YOUR ASSIGNMENT
Leave out the pictures and restate exactly, and only, the lines from the one that contains "Second rotation: rotate" through the final line of the material below.

DATASET EXCERPT
━━━━

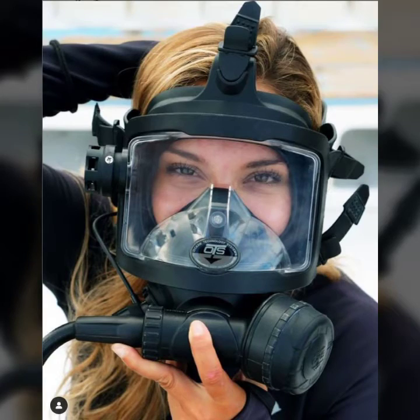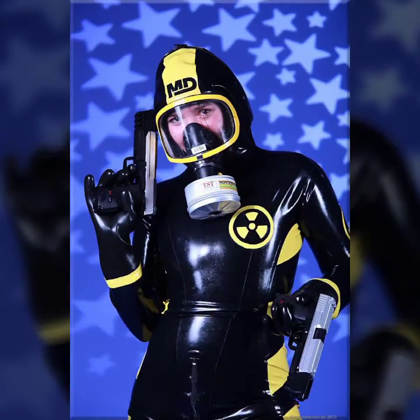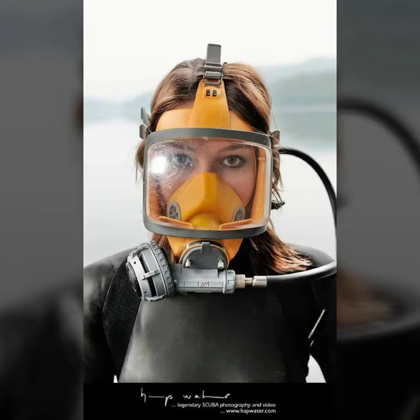Hello friends, welcome to my YouTube channel Fashion Lovers. Today I'm going to share with you beautiful and stylish latex full face gas mask and scuba diving glasses. All designs are so gorgeous, trendy, and fabulous. Please subscribe to my channel and press the bell icon.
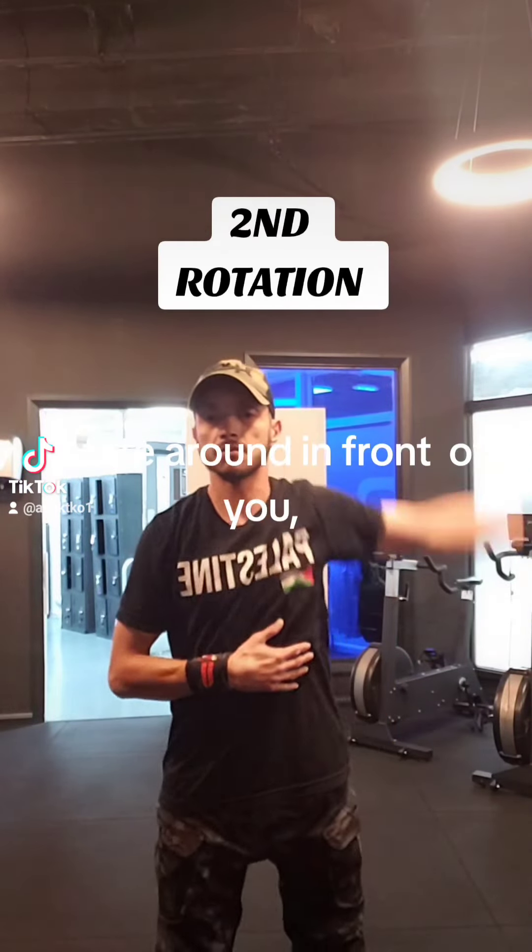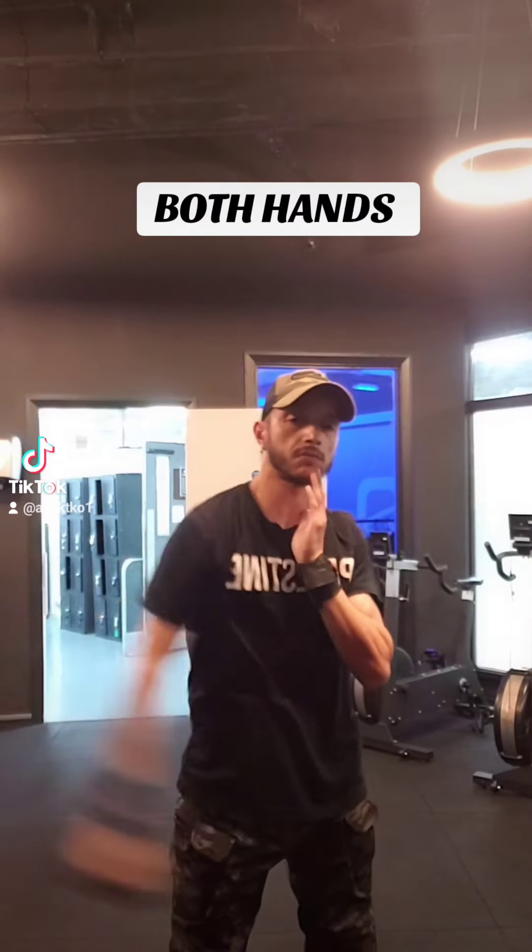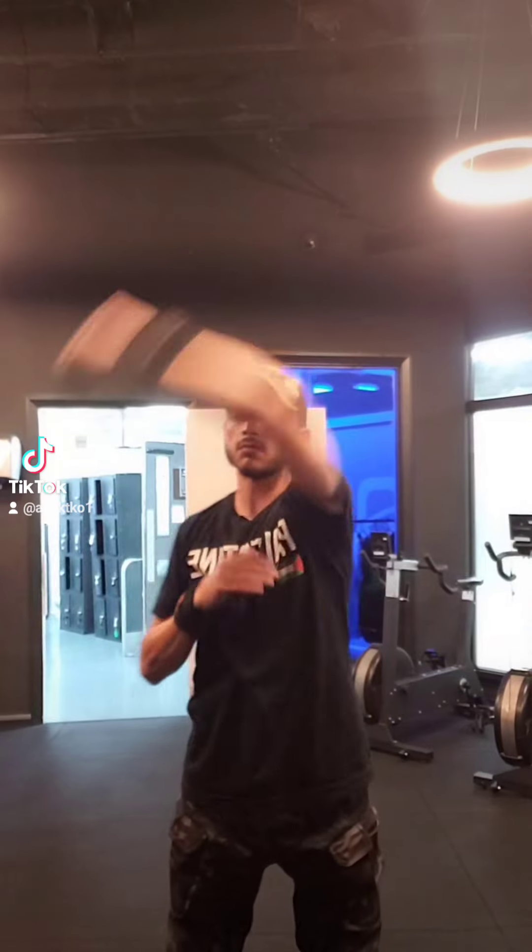Second rotation: rotate around in front of you with both hands. Remember to do clockwise and anti-clockwise.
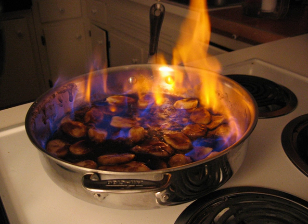Modern flambéing became popular in the 19th century. The English Christmas pudding was served flaming in a Dickens novel of 1843: 'The pudding... blazing in half of half a quarter of ignited brandy.' The most common flambé dish appears to have been sweet omelette with rum or kirsch.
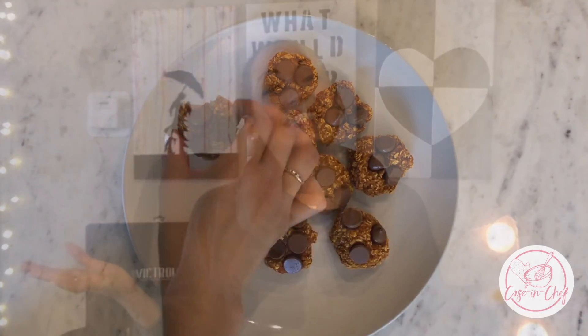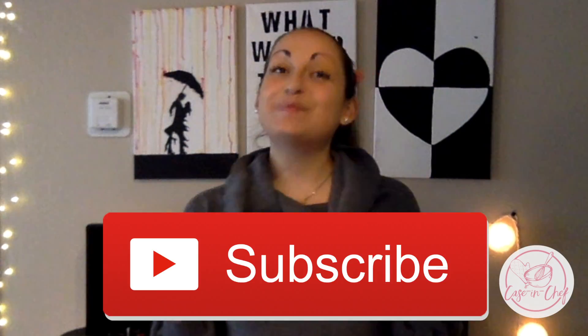That's all I have for you guys today. I hope you enjoyed this recipe. Be sure to hit subscribe for more healthy recipes and visit caseandchef.com. See you next time.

━━━━

EXERCISE RESULT
Second rotation: rotate around in front of you with both hands. Remember to do clockwise and anti-clockwise.
Modern flambéing became popular in the 19th century. The English Christmas pudding was served flaming in a Dickens novel of 1843: 'The pudding... blazing in half of half a quarter of ignited brandy.' The most common flambé dish appears to have been sweet omelette with rum or kirsch.
That's all I have for you guys today. I hope you enjoyed this recipe. Be sure to hit subscribe for more healthy recipes and visit caseandchef.com. See you next time.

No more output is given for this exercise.